Judaism attaches much importance to the name. The Book of Formation (Sefer Yetzirah), traditionally ascribed to Abraham, says that the universe was created through ten Sefirots and twenty-two letters of the sacred language. The letters imply speech. In his Guide for the Perplexed, Maimonides writes that speech of the L‑rd shall not be treated the same way as human sayings, as He does not have a tongue or vocal cords, but it is absolutely clear that the letters of the holy language and the sounds corresponding to such letters reflect the essence of all things created.

The names are also formed by the letters of the sacred language. It links the person’s soul and its roots located in the higher worlds, and thus the name gives the soul its spiritual power. Midrash Tanhuma says: “One should always be careful choosing a name for one’s child, for at times the name itself can be an influence for good or bad.”

According to the Maharshah’s commentary to Talmud: “The Divine Plan is cascaded to the man through the name given to him.

So the conclusions are as follows:

а) The woman has not heard the prohibiting commandment of the L‑rd.

b) The woman was not given a name, so she did not have enough spiritual power to resist temptation. So the snake took advantage of this.

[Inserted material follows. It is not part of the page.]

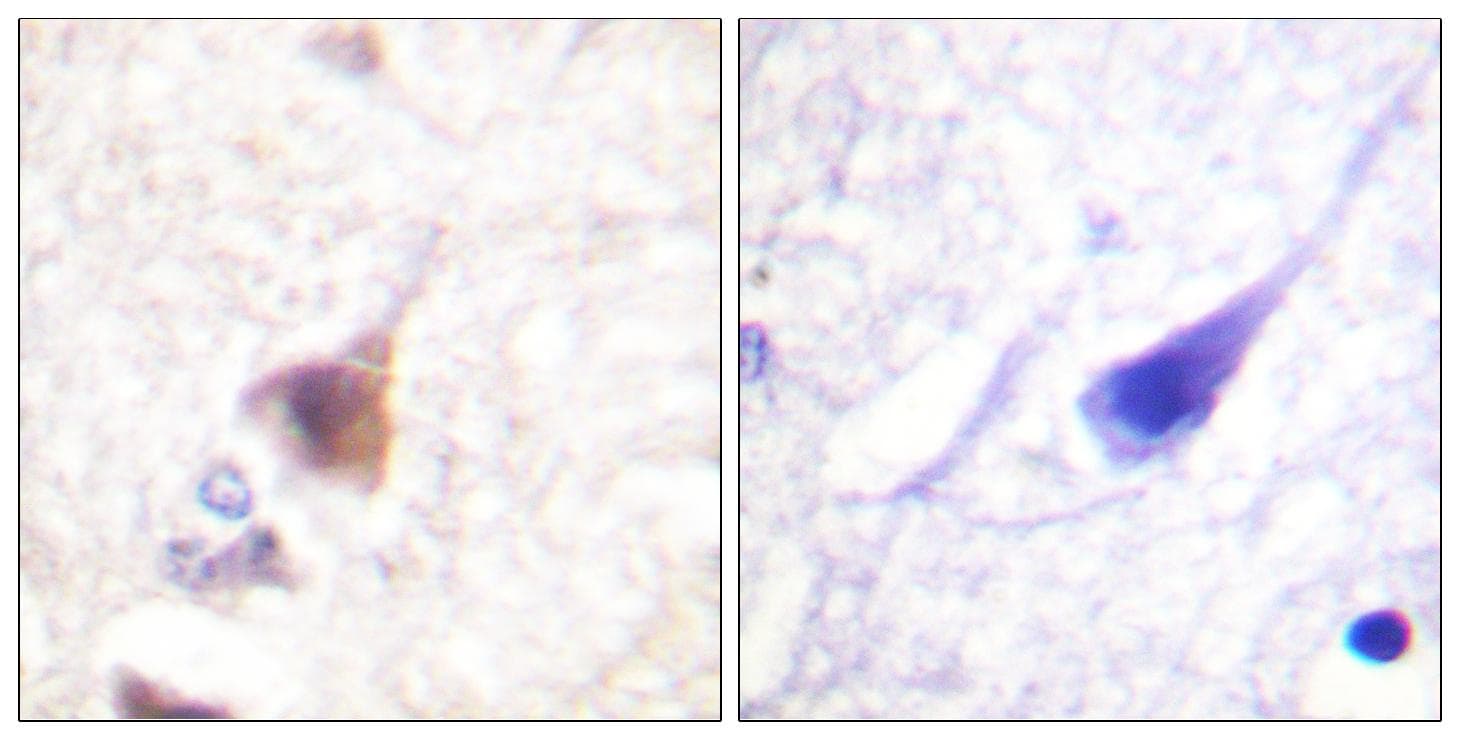 CAMK4 / CaMK IV Antibody (phospho-Thr196/200)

Another question arises. Why did Adam decide to give the woman her proper name of Chavah after the sin was committed? To my mind, the answer is as follows. Before the sin was committed, Adam had prospects for an almost angel-like life, free of good, evil or problems. This is why self-sufficient Adam did not realize the role the woman played in his life. After the sin was committed, Adam realized what a complicated life full of problems he had to live. He realized that he could live this life only jointly with his wife, who is not only the source of his delights, but his friend and partner in everything he does. Such a woman had to have a name. That is why he gave her the name, Chavah.